City Newspaper Archives - 12/2007

REVIEW: "The Mist"

Horror in an ordinary place

Published by George Grella on Dec 05, 2007

One of Stephen King's most important contributions to both the horror novel and the horror film, the possibility of menace in the ordinary and the commonplace, occupies a special place in "The Mist," the latest in a long line of movies based on his work. Although the monsters and their methods in the new film provide all the shocks and thrills that contemporary cinematic wizardry can invent, "The Mist" concentrates on some less obvious material, a sort of sociological subtext, a study of some significant dynamics in American society.

In the best traditions of its form, the picture builds slowly, establishing its simple, static situation as a kind of knowing tease of its audience's expectations. Following a ferocious storm, the mist of the title creeps down from a mountain to engulf a community in Maine; legions of monsters lurk in the mist, the result of some secret military experiment gone horribly wrong. A commercial artist, David Drayton (Thomas Jane), his young son Billy (Nathan Gamble), and his irascible neighbor Brent Norton (Andre Braugher) find themselves trapped inside the local supermarket by the dense fog and the mysterious threat of some menace that begins as a rumor but materializes into something quite real and entirely dreadful.

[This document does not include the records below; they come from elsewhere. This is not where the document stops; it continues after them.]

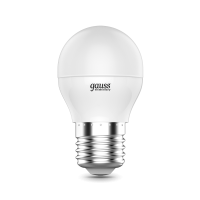 Лампа светодиодная LED 6 Вт 450 лм 4100К AC180-240В E27 шар P45 нейтральный  Elementary Gauss GAUSS 53226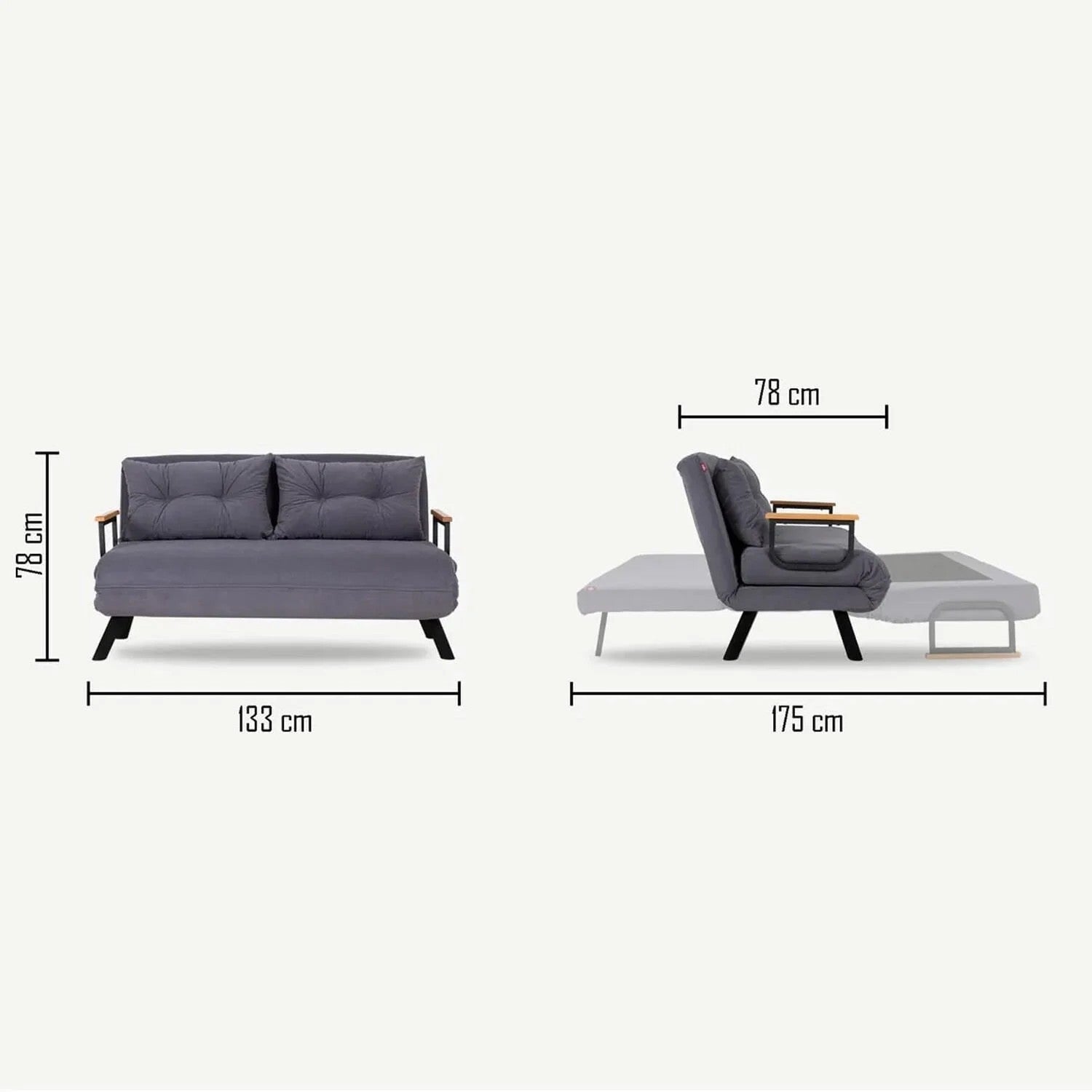 Sando 2-Seater Light brown Two-Seater Sofa Bed
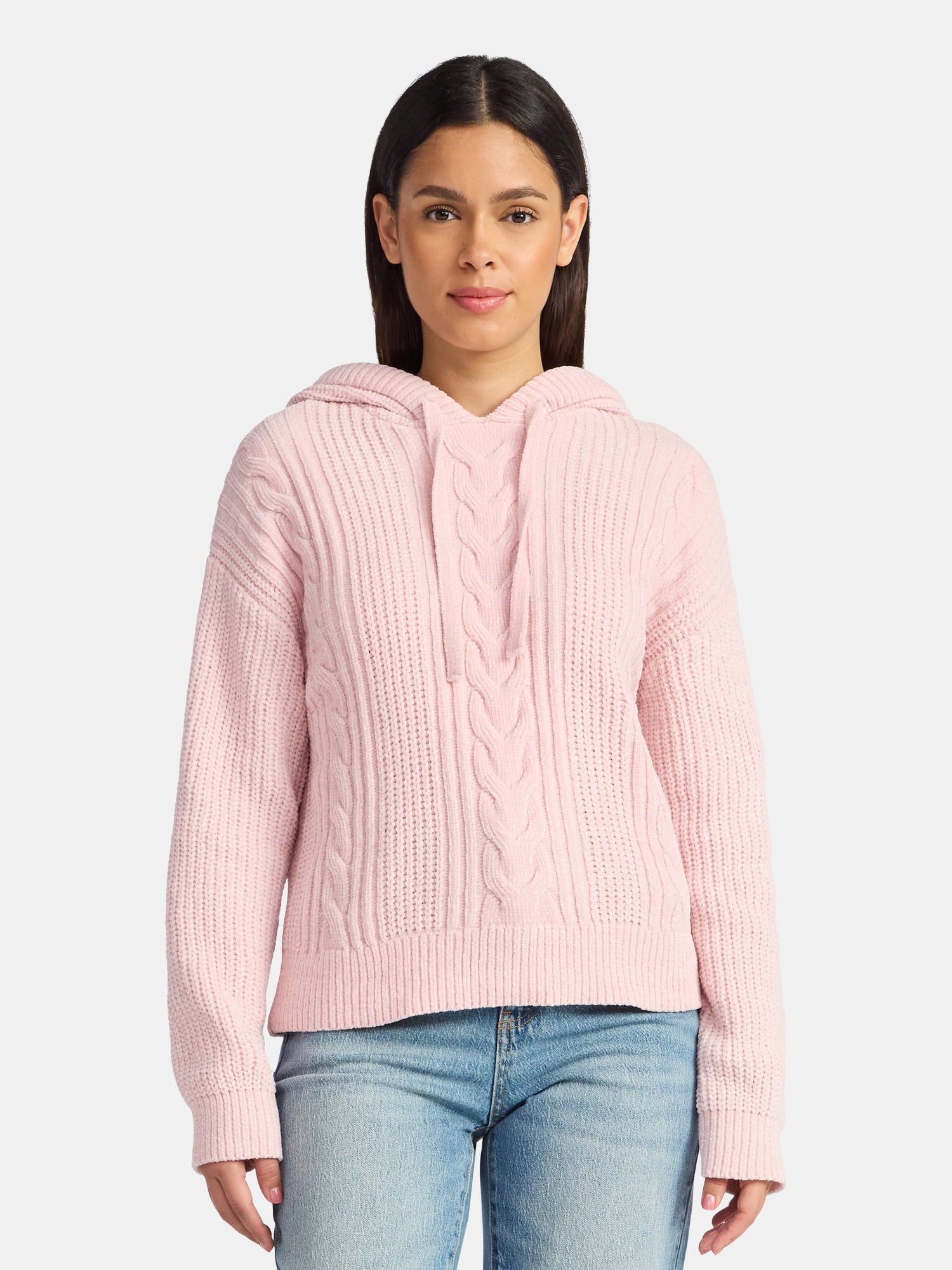 Time and Tru Women's Velveteen Hoodie Pullover Sweater with Long Sleeves, Sizes XS-XXXL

The monsters resemble some of the more repulsive creatures we all know - giant, venomous dragonflies; spiders with corrosive webs; a sort of mobile octopus with mouths in its huge tentacles; even a behemoth whose tread shakes the earth. The alien menace outside the supermarket, however, also generates a human danger inside, as the customers, reacting to the situation, fracture into factions. Some want to defend themselves, others refuse to believe in the menace at all, others fall under the spell of a Bible-spouting religious fanatic (Marcia Gay Harden), who preaches that they dwell in the End Times, and must sacrifice some of their fellows to appease the Almighty.

The reiterated attacks of the monsters serve to reveal a self-contained society inside the store, with divisions and tensions involving such familiar concepts as class, income, ethnicity, and religion. Some unlikely people reveal hitherto unsuspected qualities of courage and resourcefulness, while others shrink from any sense of duty to the community or deny both facts and reason to pursue their own irrational beliefs. The religious fanatic ultimately forms her own congregation, with a majority of customers following her mad whims and attacking the rationalists, who themselves engage in a brief seminar in moral philosophy when confronted with a further tragedy.

Beneath their shocks and scares and the author's penchant for graphic gore, Stephen King's novels and films often employ the dysfunctional family or the deteriorating marriage as a subtext. In "The Mist," however, the notion of a disintegrating society not unlike our own supplies the foundation for the ostensible subject, so that inside the supermarket an acceptable microcosm of America forms, jealous and insecure, haunted by fear, blinded by a variety of prejudices, unable to unite around any reasonable ideal, and ready to follow any ranting fool. The location itself provides an appropriate laboratory for the examination of the national psyche, a genuinely American invention, a suitable symbol of the consumer society and a place where all social and economic classes mingle, and in this case, where unimaginable danger lurks just beyond the bags of dog food, the boxes of cereal, and the cans of peas.

As the situation grows increasingly desperate, the director tends to tighten his close-ups and move his camera more irregularly, heightening the claustrophobia and emphasizing the growing fear of the people trapped inside. The static nature of the enclosed society and the frequency of those close-ups also intensifies the essential inertia of the plot, so that the dangers and the responses tend to repeat themselves throughout the film.

That repetition also influences the generally competent cast, so that the actors establish a character, then settle into a series of attitudes, gestures, and speeches that remain very much the same from beginning to end. The ending itself suggests a horror beyond any of the previous images in the movie, the closure that the form demands, but also a despair that transcends the usual conclusions of the genre, a horror beyond horror.